▶ [Supplied data]:
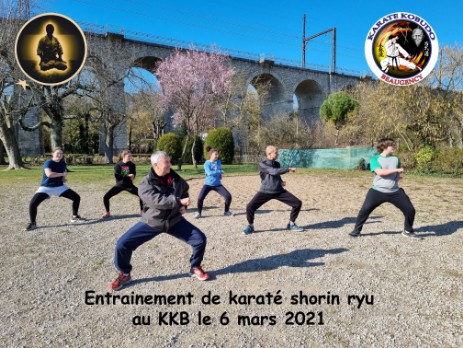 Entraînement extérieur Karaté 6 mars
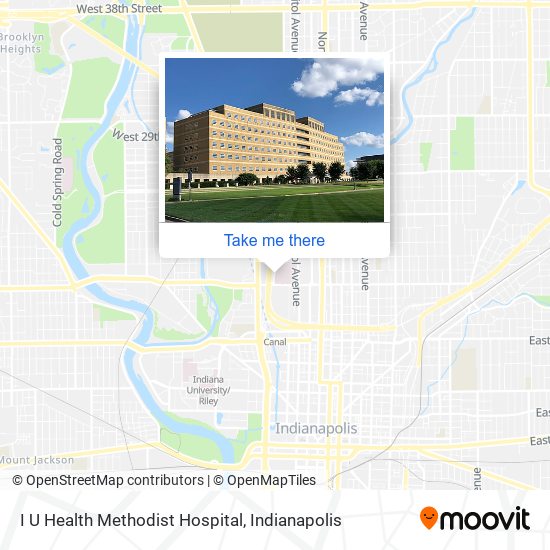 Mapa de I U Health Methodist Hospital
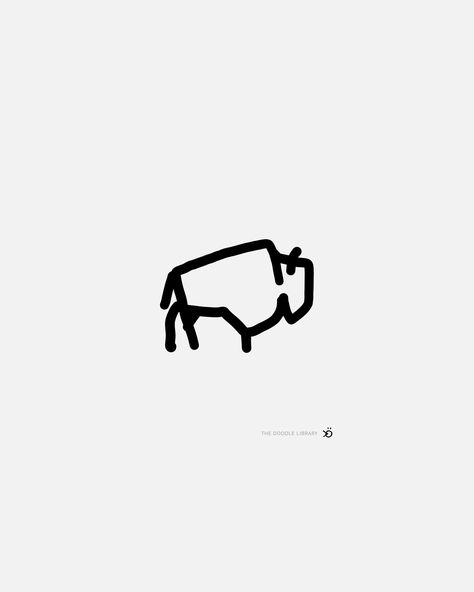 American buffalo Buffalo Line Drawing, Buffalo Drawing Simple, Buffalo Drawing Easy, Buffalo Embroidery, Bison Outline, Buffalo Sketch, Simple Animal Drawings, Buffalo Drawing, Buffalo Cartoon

▶ [Activity]: Give back the whole listing exactly; no pictures.

▶ [Task solution]:
 Entraînement extérieur Karaté 6 mars
 Mapa de I U Health Methodist Hospital
 American buffalo Buffalo Line Drawing, Buffalo Drawing Simple, Buffalo Drawing Easy, Buffalo Embroidery, Bison Outline, Buffalo Sketch, Simple Animal Drawings, Buffalo Drawing, Buffalo Cartoon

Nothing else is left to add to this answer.